Mittlerweile sind es viele hundert ehrenamtliche Zählerinnen und Zähler, die Woche für Woche und Jahr für Jahr von April bis September festgelegte Strecken von bis zu 1.000 Meter Länge, die sogenannten Transekte, ablaufen und akribisch alle Tagfalter, die ihnen über den Weg flattern, dokumentieren. Der riesige zeitliche Aufwand, der deutschlandweit in Summe hinter dieser Großinventur steckt, würde die Kapazitäten jedes Forschungsinstituts sprengen. Für die Forscher ist sie von unschätzbarem Wert. Denn sie liefert ihnen Daten frei Haus, die dann ausgewertet und interpretiert werden können. Etwa, um einen umfassenden Einblick in die langfristigen Veränderungen von Tagfalterpopulationen und spezifische Gefährdungssituationen zu erhalten. Oder um mithilfe der gleichzeitig erfassten Klima- und Landnutzungsinformationen Rückschlüsse von Witterung und anthropogenen Faktoren auf die Verbreitung und Häufigkeit der Arten zu ziehen.

Begonnen hatte alles mit einem medialen Paukenschlag. In einer bundesweiten Kampagne unter dem Slogan "Abenteuer Schmetterling" kommunizierten ZDF, BUND und UFZ im April 2005 gemeinsam in vielen Aktionen die Botschaft, dass Schmetterlinge nicht nur schön, sondern auch kostbar und sehr verletzlich sind und jeder mithelfen kann, sie zu schützen. Um möglichst viele Menschen dafür zu sensibilisieren, gestaltete das ZDF mit Wolf von Lojewski als Frontmann eine ganze Themenwoche aus Beiträgen in Doku-Reihen, Wissensmagazinen und dem Kinder-TV; unter adeliger Schirmherrschaft der Fürstin Sayn-Wittgenstein-Sayn fand ein Wettbewerb statt, in dem besonders originelle Ideen zur Rettung bedrohter Falter prämiert wurden. Broschüren mit Tipps zum Schmetterlingsschutz wurden zu zehntausenden verteilt, ein bundesweiter Faltertag ausgerufen - und das Tagfalter-Monitoring Deutschland (TMD) gestartet.

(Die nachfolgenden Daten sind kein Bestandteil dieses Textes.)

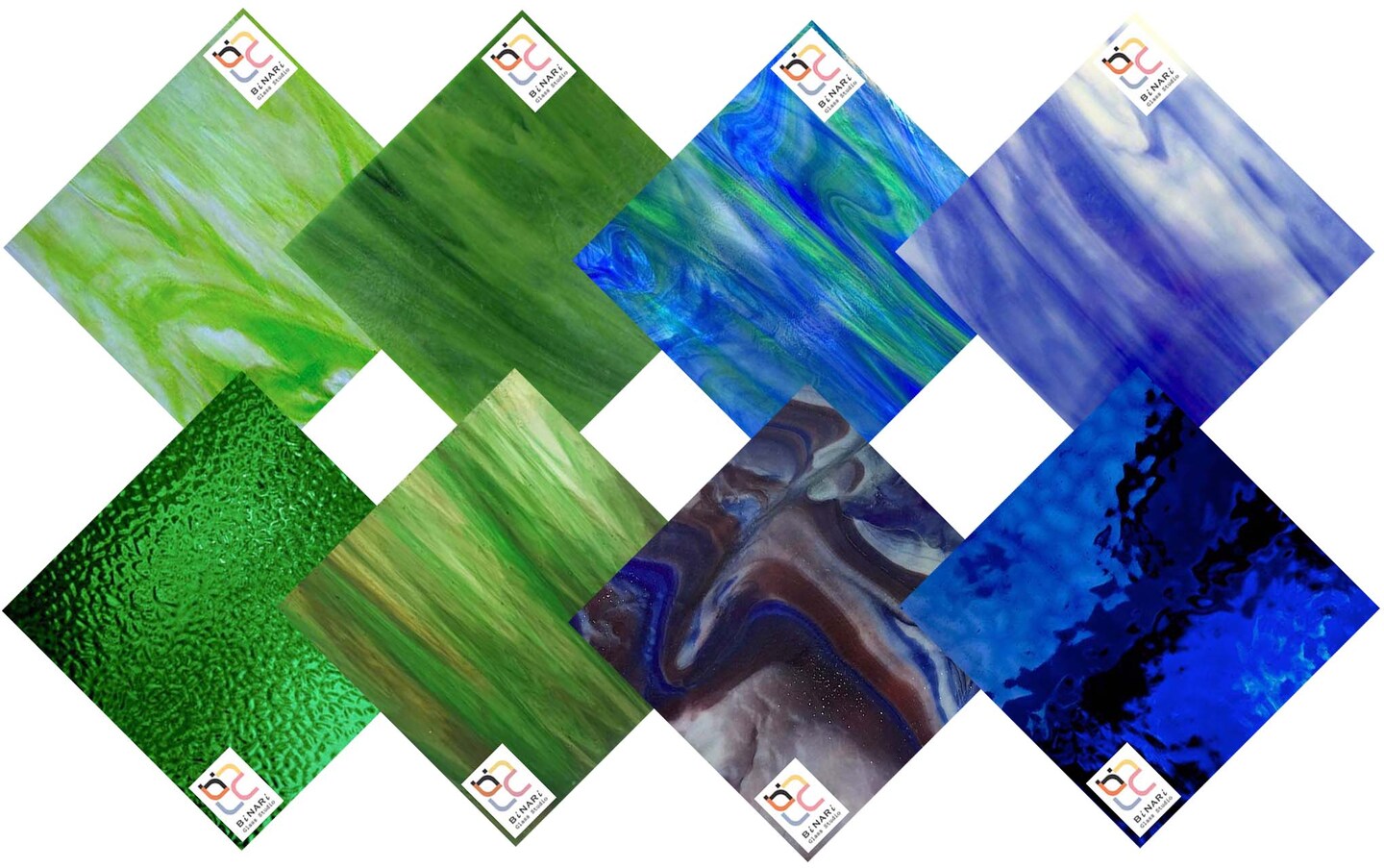 Wissmach 8 Sheet Blue & Green Variety Stained Glass Michaels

Wissenschaftlich koordiniert und organisiert wird es seither - in enger Verbindung zur Gesellschaft für Schmetterlingsschutz (GfS) - am UFZ. Hier trifft sich schon seit 1999 einmal pro Jahr die deutsche "Falterszene", in der auch die Pläne für das TMD geschmiedet wurden. Denn voller Neid blickten die Schmetterlingsexperten bis dato zu den Briten, die bereits seit 1976 landesweit Falter zählen, und auch zu den Holländern, die das seit 1990 tun. Aus dieser Szene heraus rekrutierten sich auch nach Start des TMD die Regional- und Landeskoordinatoren, die sich den freiwilligen Zählern als Ansprechpartner und Betreuer vor Ort anbieten. Denn sollen die Ergebnisse für die Forschung verwertbar sein, muss nicht nur die Auswahl des Transektes stimmen, die Zähler müssen auch die Zählmethode beherrschen, Arten bestimmen und die Ergebnisse in einen Erfassungsbogen oder das extra dafür im Rahmen der Wissensplattform science4you entwickelte Onlineportal eingeben können.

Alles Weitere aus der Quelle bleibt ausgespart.